Module filetools implements the following members:


class hydpy.core.filetools.Folder2Path(*args, **kwargs)[source]

Bases: object

Map folder names to their path names.

You can both pass positional arguments and keyword arguments when initialising Folder2Path. For positional arguments, the folder and its path are assumed to be identical. For keyword arguments, the keyword corresponds to the folder name and its value to the path name:

>>> from hydpy.core.filetools import Folder2Path
>>> Folder2Path()
Folder2Path()
>>> f2p = Folder2Path(
...     "folder1", "folder2", folder3="folder3", folder4="path4")
>>> f2p
Folder2Path(folder1,
            folder2,
            folder3,
            folder4=path4)
>>> print(f2p)
Folder2Path(folder1, folder2, folder3, folder4=path4)

To add folders after initialisation is supported:

>>> f2p.add("folder5")
>>> f2p.add("folder6", "path6")
>>> f2p
Folder2Path(folder1,
            folder2,
            folder3,
            folder5,
            folder4=path4,
            folder6=path6)

Folder names are required to be valid Python identifiers:

>>> f2p.add("folder 7")
Traceback (most recent call last):
...
ValueError: The given name string `folder 7` does not define a valid variable identifier.  Valid identifiers do not contain characters like `-` or empty spaces, do not start with numbers, cannot be mistaken with Python built-ins like `for`...)

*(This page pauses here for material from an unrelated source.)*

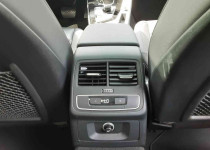 AUDI A4 40 2.0 TDI 190 QUATTRO STRONIC ADVANCED++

You can query the folder and attribute names:

>>> f2p.folders
['folder1', 'folder2', 'folder3', 'folder4', 'folder5', 'folder6']
>>> f2p.paths
['folder1', 'folder2', 'folder3', 'path4', 'folder5', 'path6']

Attribute access and iteration are also supported:

>>> "folder1" in dir(f2p)
True
>>> f2p.folder1
'folder1'
>>> f2p.folder4
'path4'
>>> for folder, path in f2p:
...     print(folder, path)
folder1 folder1
folder2 folder2
folder3 folder3
folder4 path4
folder5 folder5
folder6 path6
>>> len(f2p)
6
>>> bool(f2p)
True
>>> bool(Folder2Path())
False
add(directory: str, path: Optional[str] = None)None[source]

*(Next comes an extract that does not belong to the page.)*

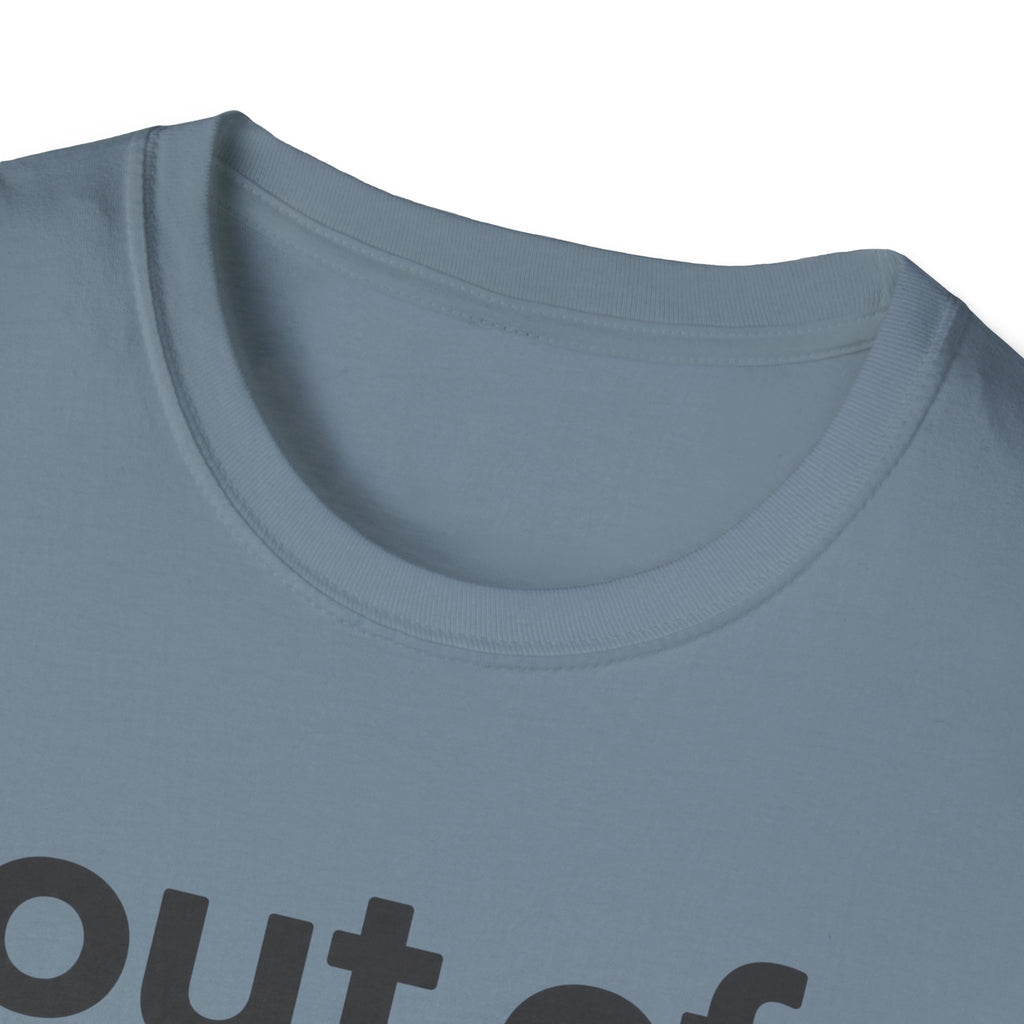Out of Office T-Shirt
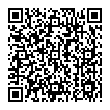 QR-код ссылки на материал «В штатном режиме: продолжается уборка наледи и снега с крыш соцучреждений Дзержинска»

Add a directory and optionally its path.

property folders

The currently handled folder names.

property paths

The currently handled path names.

class hydpy.core.filetools.FileManager[source]

Bases: object

Base class for NetworkManager, ControlManager, ConditionManager, and SequenceManager.

BASEDIR: str
DEFAULTDIR: Optional[str]
projectdir

The name of the main folder of a project.

For the LahnH example project, projectdir is (not surprisingly) LahnH, and is queried from the pub module. However, you can define or change projectdir interactively, which can be useful for more complex tasks like copying (parts of) projects:

>>> from hydpy.core.filetools import FileManager
>>> from hydpy import pub
>>> pub.projectname = "project_A"
>>> filemanager = FileManager()
>>> filemanager.projectdir
'project_A'
>>> del filemanager.projectdir
>>> filemanager.projectdir
Traceback (most recent call last):
...
hydpy.core.exceptiontools.AttributeNotReady: Attribute `projectdir` of object `filemanager` has not been prepared so far.
>>> filemanager.projectdir = "project_B"
>>> filemanager.projectdir
'project_B'
>>> del pub.projectname
>>> FileManager().projectdir
Traceback (most recent call last):
...
hydpy.core.exceptiontools.AttributeNotReady: Attribute `projectdir` of object `filemanager` has not been prepared so far.
property basepath

The absolute path pointing to the available working directories.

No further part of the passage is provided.